*RECORDS SHOWN*.

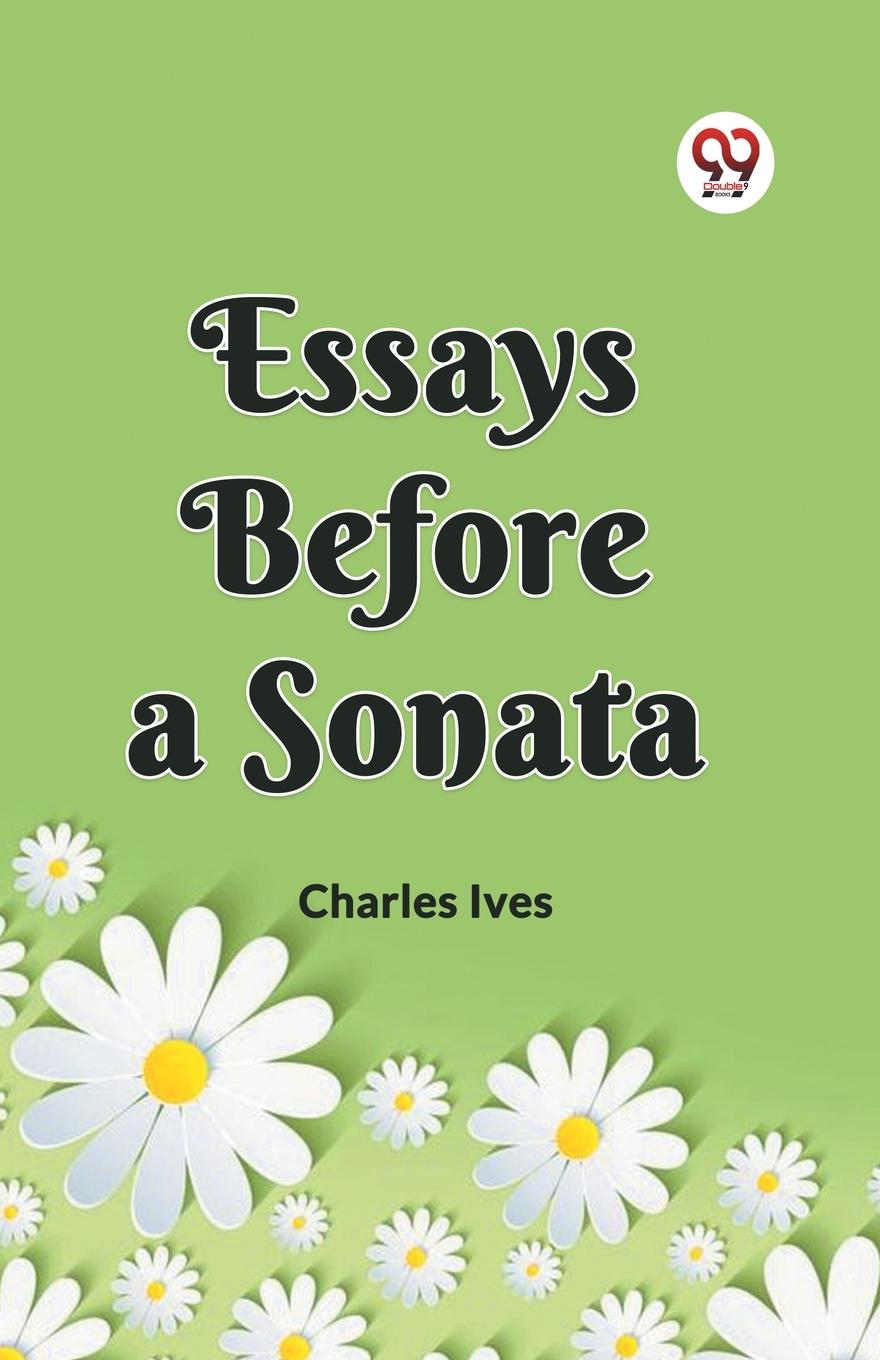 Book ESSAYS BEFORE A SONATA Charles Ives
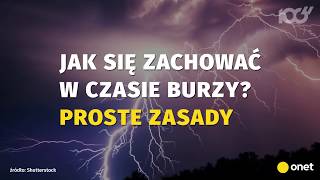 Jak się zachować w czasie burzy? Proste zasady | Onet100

--

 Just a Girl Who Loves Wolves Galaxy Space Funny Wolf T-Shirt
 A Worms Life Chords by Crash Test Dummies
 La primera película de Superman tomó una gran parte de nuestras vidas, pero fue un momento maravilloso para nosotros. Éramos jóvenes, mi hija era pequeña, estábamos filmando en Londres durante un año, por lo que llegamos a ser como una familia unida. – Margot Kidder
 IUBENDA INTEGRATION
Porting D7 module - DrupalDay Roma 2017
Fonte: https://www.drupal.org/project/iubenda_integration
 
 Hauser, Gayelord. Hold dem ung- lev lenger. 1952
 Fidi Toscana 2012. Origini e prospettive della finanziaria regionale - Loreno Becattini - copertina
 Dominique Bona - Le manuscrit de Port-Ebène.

*WORK ITEM*.
One stretch of the lines above is wanted, from the line that contains "La primera película" through the line that contains "Dominique Bona - Le manuscrit de Port-Ebène.". Output it exactly.

*TASK RESULT*.
 La primera película de Superman tomó una gran parte de nuestras vidas, pero fue un momento maravilloso para nosotros. Éramos jóvenes, mi hija era pequeña, estábamos filmando en Londres durante un año, por lo que llegamos a ser como una familia unida. – Margot Kidder
 IUBENDA INTEGRATION
Porting D7 module - DrupalDay Roma 2017
Fonte: https://www.drupal.org/project/iubenda_integration
 
 Hauser, Gayelord. Hold dem ung- lev lenger. 1952
 Fidi Toscana 2012. Origini e prospettive della finanziaria regionale - Loreno Becattini - copertina
 Dominique Bona - Le manuscrit de Port-Ebène.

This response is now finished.